* [TASK TO COMPLETE]
Below are records. Transcribe exactly the lines from the one that contains "For example, if" through the last line, leaving any pictures out.

(Dataset entries)
■ ■ ■ ■

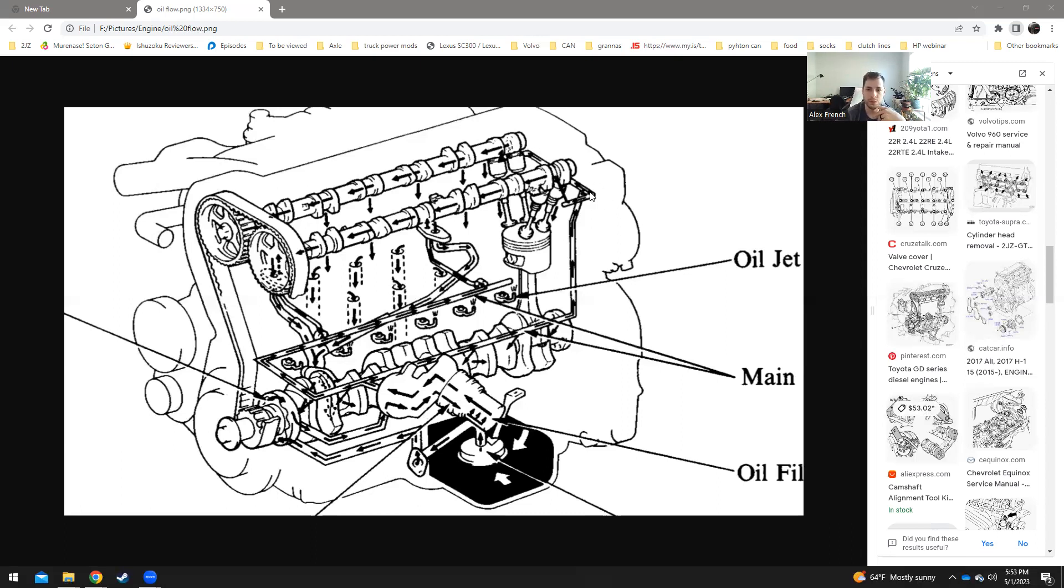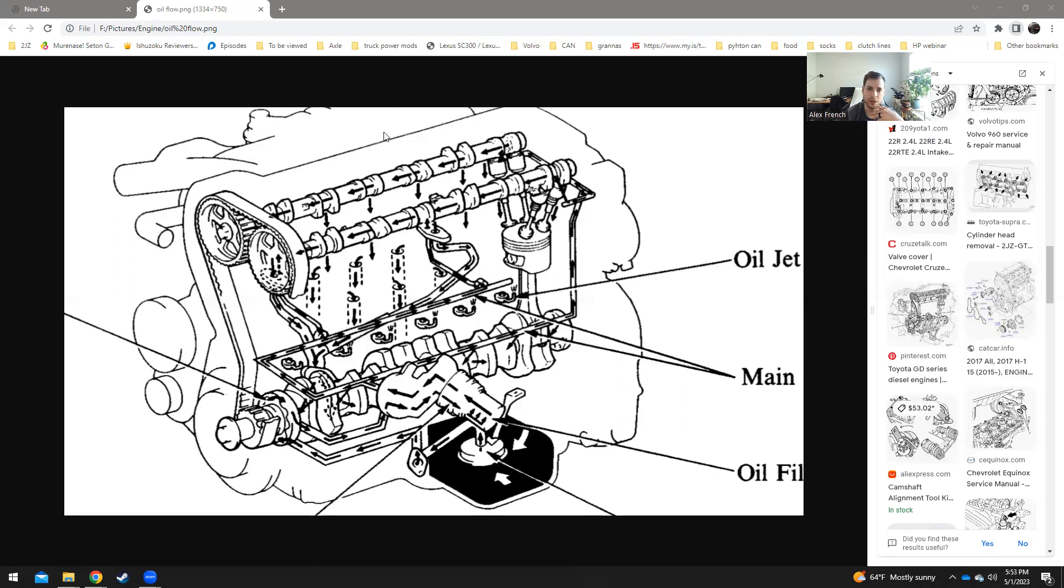This port right here is about the right size for a one-eighth NPT. So on my car, I have drilled this way out to put in a four NPT or three NPT. It's really not all that big to go and feed one ball bearing turbo. So right here, I've drilled this out, one so I can blow stuff out, and so that I can put in an oil pressure sensor.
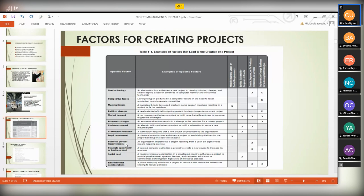Another trigger is strategic opportunity — companies are always looking for strategic moves and competitive advantage. Social need is also a factor: every company now wants to be noticed in the social world. If your company doesn't have a page on Facebook, LinkedIn, or Twitter, you've not started. Having a page means you need to promote your company — these are some of the many things that trigger projects in the IT industry.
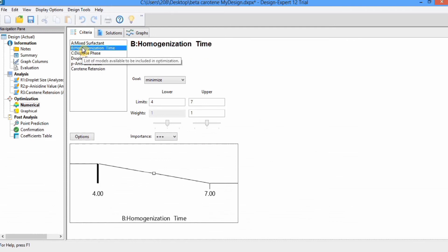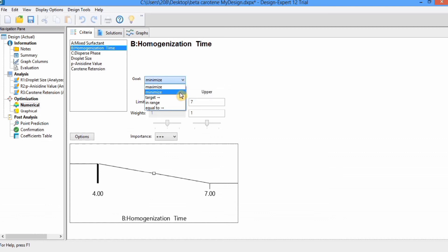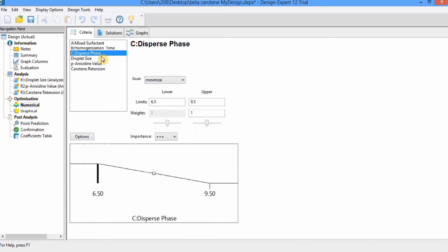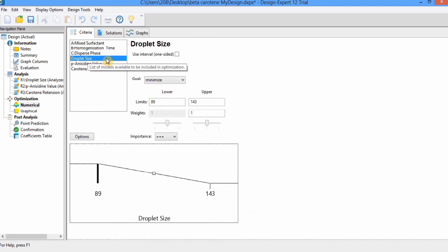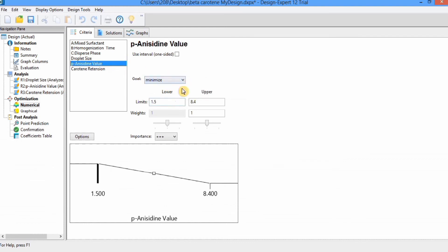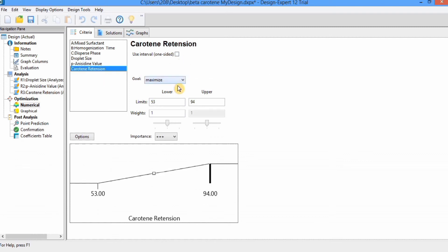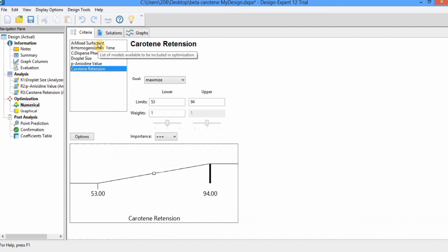For the next independent variable, homogenization time, I want the minimum, so I will select Minimize with an importance of three. Next is dispersed phase — I also want minimum. For the response, I want minimum size of nanoemulsion droplets, which is already set to Minimize. For PDI value I want minimum, and for vitamin retention I want maximum, so I select Maximize. Overall, my goal is to minimize mixed surfactant concentration, homogenization time, and dispersed phase, and to get minimum droplet size and PDI value with maximum vitamin retention. After selecting these goals, go to the Solution option.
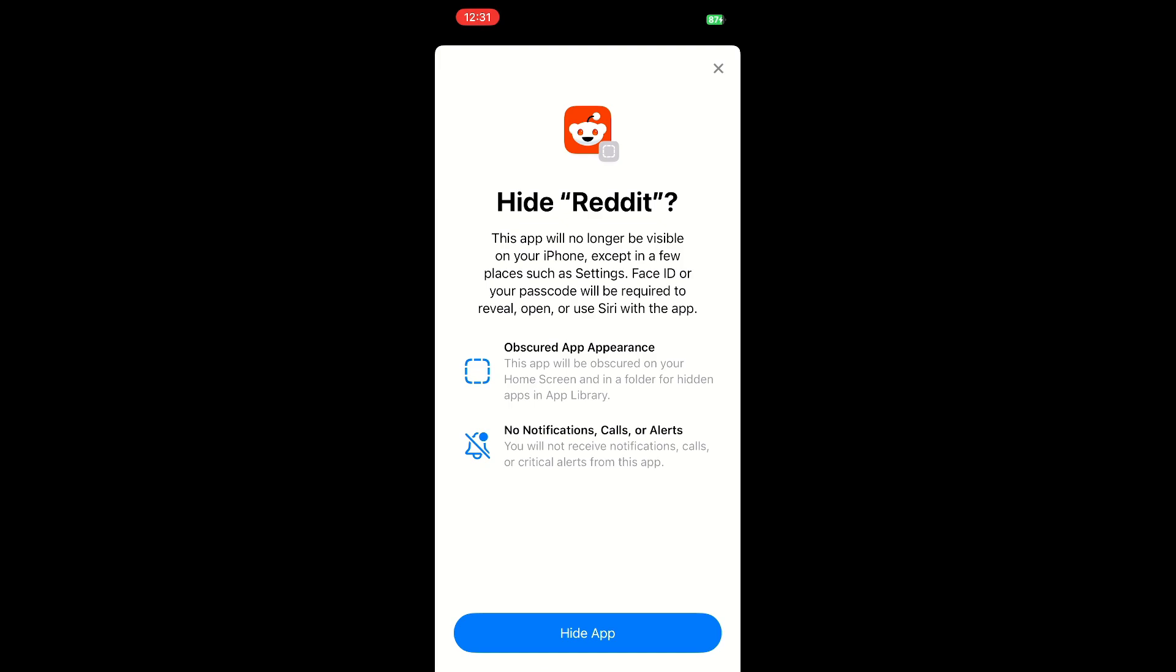For example, if you go to privacy settings, it will still list any hidden applications there, as well as if you're doing application updates. It's going to be listed there, just a couple places to be aware of. And then it goes on to say face ID or your passcode will be required to reveal, open, or use Siri with the app.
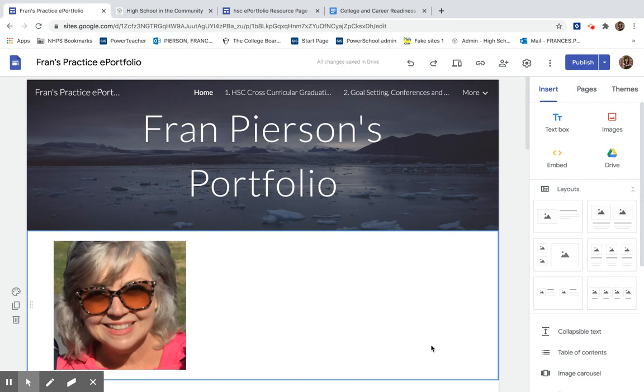Good morning HSC students. Today we're going to learn how to upload our College and Career Readiness Tracking Charts on our College and Career Readiness Portfolio page.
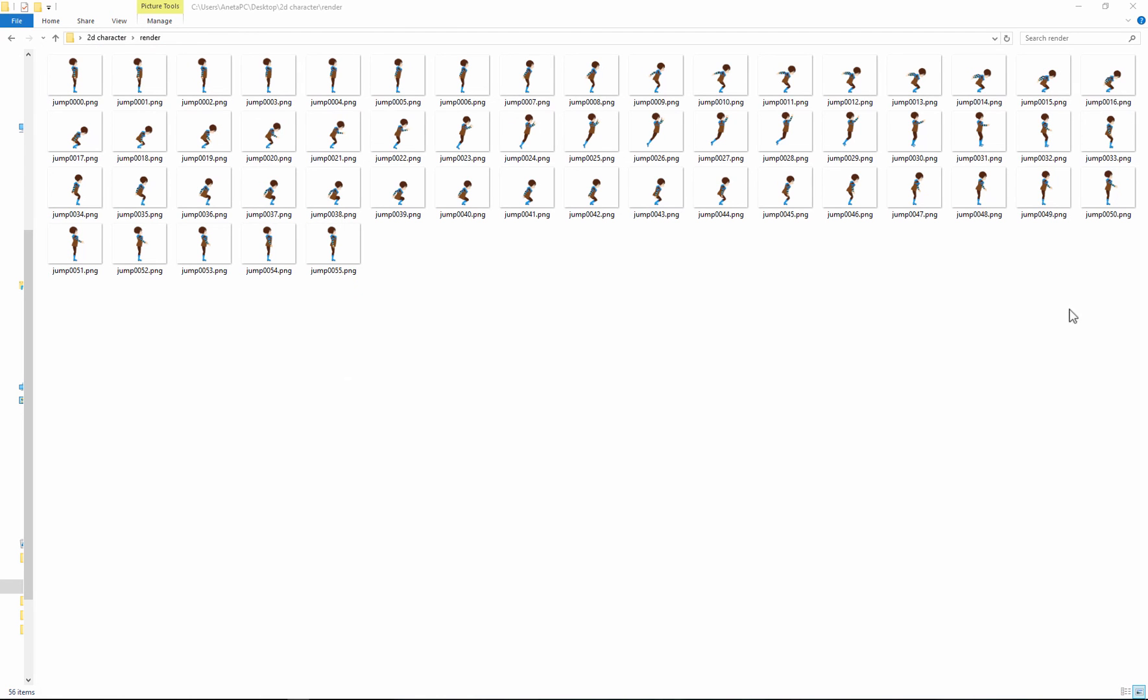And here you have all your files. By using this technique you're creating faster and more realistic 2D animation for your game. Thank you and good luck!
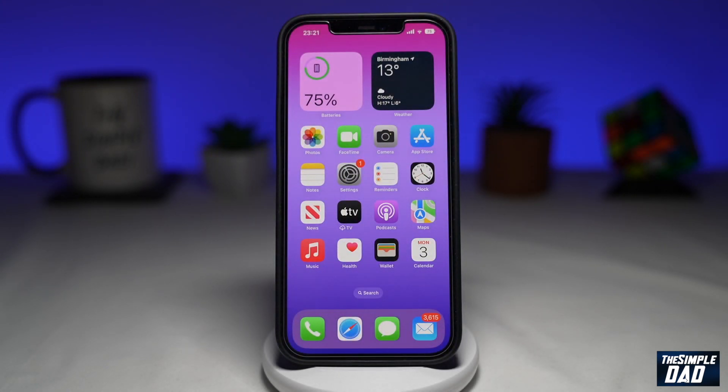So instead of having your iPhone lock screen, you can now have your music album art as a full screen on your lock screen. Let me show you how to do this.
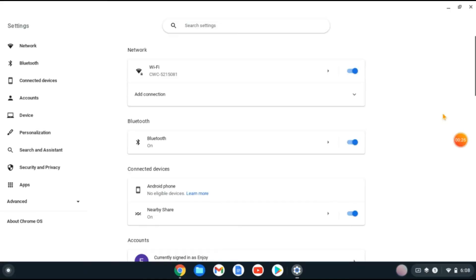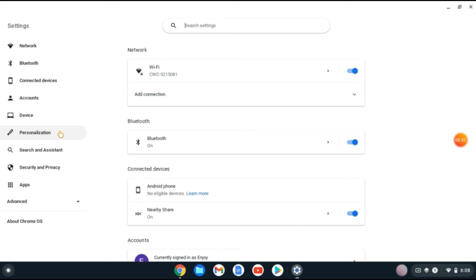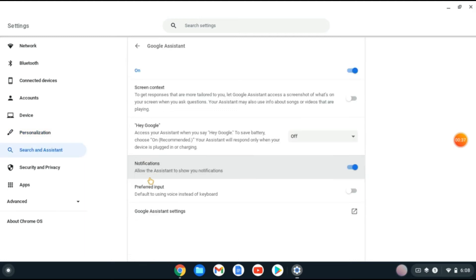From here, you're going to go over to the left-hand corner and select Personalization. Then you're going to tap on Google Assistant and ensure that Google Assistant is turned on.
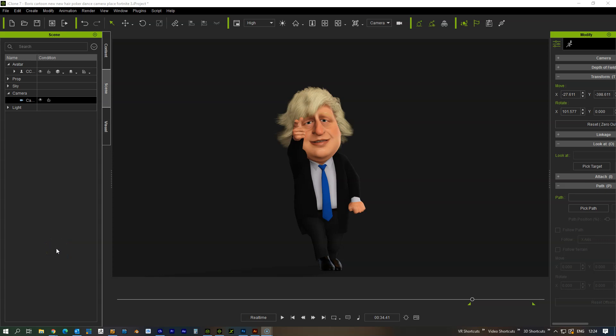Since posting our teaser video of Boris the other day, we've been asked a few times what render engine we use. We've just been using the built-in iClone render engine — not using iRay, Unreal, or anything like that. Just keeping it simple. So we thought we'd do a quick little tutorial about how to set the lighting up for getting nice renders out of iClone.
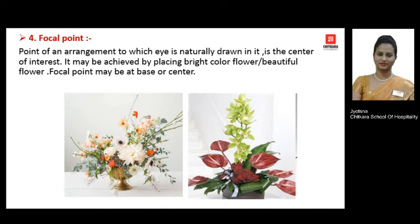It is not necessary that every flower arrangement should have a focal point, but if you want to achieve a focal point you can go for it.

■ ■ ■ ■

* [REPLY]
For example, if you go to privacy settings, it will still list any hidden applications there, as well as if you're doing application updates. It's going to be listed there, just a couple places to be aware of. And then it goes on to say face ID or your passcode will be required to reveal, open, or use Siri with the app.
Good morning HSC students. Today we're going to learn how to upload our College and Career Readiness Tracking Charts on our College and Career Readiness Portfolio page.
And here you have all your files. By using this technique you're creating faster and more realistic 2D animation for your game. Thank you and good luck!
So instead of having your iPhone lock screen, you can now have your music album art as a full screen on your lock screen. Let me show you how to do this.
From here, you're going to go over to the left-hand corner and select Personalization. Then you're going to tap on Google Assistant and ensure that Google Assistant is turned on.
Since posting our teaser video of Boris the other day, we've been asked a few times what render engine we use. We've just been using the built-in iClone render engine — not using iRay, Unreal, or anything like that. Just keeping it simple. So we thought we'd do a quick little tutorial about how to set the lighting up for getting nice renders out of iClone.
It is not necessary that every flower arrangement should have a focal point, but if you want to achieve a focal point you can go for it.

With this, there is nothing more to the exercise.